ELASTIC_PATH = "https://localhost:9200"

In [None]:
# import libraries
from elasticsearch import Elasticsearch
from datetime import datetime
from pprint import pprint
from list_of_documents import list_of_nba_players

In [None]:
# connect to Elasticsearch
def connect_to_elastic() -> Elasticsearch:
    client = Elasticsearch(
        ELASTIC_PATH,
        ca_certs = "/home/day4/24_SDS_SW_Architecture/day4/ca.crt",
        basic_auth=(ELASTIC_USERNAME, ELASTIC_PASSWORD),
    )
    return client
    
client = connect_to_elastic()
print(client.info())

## CRUD Operations

- Create
- Read
- Update
- Delete

1. Create: Dynamic Mapping

In [None]:
# document to be indexed
doc = {
    "author": "Antoine de Saint-Exupéry",
    "text": "The Little Prince",
    "timestamp": datetime.now(),
}

# name of index
index_name = "test-index"

# if index does not exist, dynamically create it
if not client.indices.exists(index=index_name):
    client.indices.create(index=index_name) 

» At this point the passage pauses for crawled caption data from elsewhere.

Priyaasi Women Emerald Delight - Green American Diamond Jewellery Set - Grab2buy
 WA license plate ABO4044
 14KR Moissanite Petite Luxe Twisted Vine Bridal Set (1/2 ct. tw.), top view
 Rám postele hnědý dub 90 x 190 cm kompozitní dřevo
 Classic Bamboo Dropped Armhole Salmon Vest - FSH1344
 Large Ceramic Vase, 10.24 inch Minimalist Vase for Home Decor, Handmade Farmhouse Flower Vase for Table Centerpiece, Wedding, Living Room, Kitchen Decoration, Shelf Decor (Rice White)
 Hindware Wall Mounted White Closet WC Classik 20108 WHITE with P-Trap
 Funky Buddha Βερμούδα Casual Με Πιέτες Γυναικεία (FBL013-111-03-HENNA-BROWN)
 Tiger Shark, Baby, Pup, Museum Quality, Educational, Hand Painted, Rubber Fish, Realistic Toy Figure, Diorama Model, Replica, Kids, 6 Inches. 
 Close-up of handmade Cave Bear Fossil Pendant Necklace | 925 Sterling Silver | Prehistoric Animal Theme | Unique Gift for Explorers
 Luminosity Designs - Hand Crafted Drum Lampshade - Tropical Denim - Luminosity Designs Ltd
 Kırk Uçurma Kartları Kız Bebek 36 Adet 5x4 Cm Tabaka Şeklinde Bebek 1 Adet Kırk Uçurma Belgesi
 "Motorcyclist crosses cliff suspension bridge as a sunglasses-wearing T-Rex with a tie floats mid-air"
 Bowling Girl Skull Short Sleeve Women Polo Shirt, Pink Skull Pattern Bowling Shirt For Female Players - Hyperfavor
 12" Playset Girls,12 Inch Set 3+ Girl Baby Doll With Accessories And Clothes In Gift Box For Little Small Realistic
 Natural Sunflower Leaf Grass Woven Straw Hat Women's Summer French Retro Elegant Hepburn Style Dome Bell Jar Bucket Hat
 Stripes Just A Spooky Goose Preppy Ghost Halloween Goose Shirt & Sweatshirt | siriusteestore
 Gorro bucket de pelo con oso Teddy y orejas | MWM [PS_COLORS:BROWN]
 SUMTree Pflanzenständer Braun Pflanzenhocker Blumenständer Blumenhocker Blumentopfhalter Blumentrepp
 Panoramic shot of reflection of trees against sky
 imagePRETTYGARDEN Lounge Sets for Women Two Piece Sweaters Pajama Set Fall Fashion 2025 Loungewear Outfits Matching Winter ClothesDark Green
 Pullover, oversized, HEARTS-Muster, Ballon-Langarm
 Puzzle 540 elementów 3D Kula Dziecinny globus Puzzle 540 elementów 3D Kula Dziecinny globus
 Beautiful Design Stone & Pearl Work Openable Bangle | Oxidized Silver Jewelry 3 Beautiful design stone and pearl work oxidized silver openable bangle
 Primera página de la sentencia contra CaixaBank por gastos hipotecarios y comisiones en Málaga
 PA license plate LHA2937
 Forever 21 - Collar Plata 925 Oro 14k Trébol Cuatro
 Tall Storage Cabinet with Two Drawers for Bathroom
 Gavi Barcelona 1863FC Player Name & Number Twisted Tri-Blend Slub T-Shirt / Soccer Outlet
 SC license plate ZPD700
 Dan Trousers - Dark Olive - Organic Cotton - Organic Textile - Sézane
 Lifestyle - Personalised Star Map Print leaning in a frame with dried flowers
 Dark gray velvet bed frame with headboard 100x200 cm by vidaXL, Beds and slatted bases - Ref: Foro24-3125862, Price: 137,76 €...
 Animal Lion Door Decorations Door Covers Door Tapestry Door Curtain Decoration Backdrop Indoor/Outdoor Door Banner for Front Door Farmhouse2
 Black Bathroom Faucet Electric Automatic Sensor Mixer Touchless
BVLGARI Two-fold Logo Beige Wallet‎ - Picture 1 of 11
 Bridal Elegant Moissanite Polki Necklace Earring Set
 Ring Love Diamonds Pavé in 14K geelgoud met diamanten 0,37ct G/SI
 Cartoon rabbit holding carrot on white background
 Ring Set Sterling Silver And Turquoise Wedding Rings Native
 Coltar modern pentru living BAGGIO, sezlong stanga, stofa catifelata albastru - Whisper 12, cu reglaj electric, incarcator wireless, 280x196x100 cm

# insert document into index
# if id is not specified, it is automatically generated
response = client.index(index=index_name, body=doc)

pprint(response.body)

1. Create: Index Mapping

In [None]:
INDEX_NAME = "nba_players"
mapping = {
    "first_name": {"type": "text"},
    "last_name": {"type": "text"},
    "date_of_birth": {"type": "date"},
    "position": {"type": "keyword"},
    "team": {"type": "keyword"},
    "avg_scoring": {"type": "float"},
    "avg_rebound": {"type": "float"},
    "avg_assist": {"type": "float"},
    "country": {"type": "keyword"},
}

# Create index
client.indices.create(index=INDEX_NAME, body={"mappings": {"properties": mapping}})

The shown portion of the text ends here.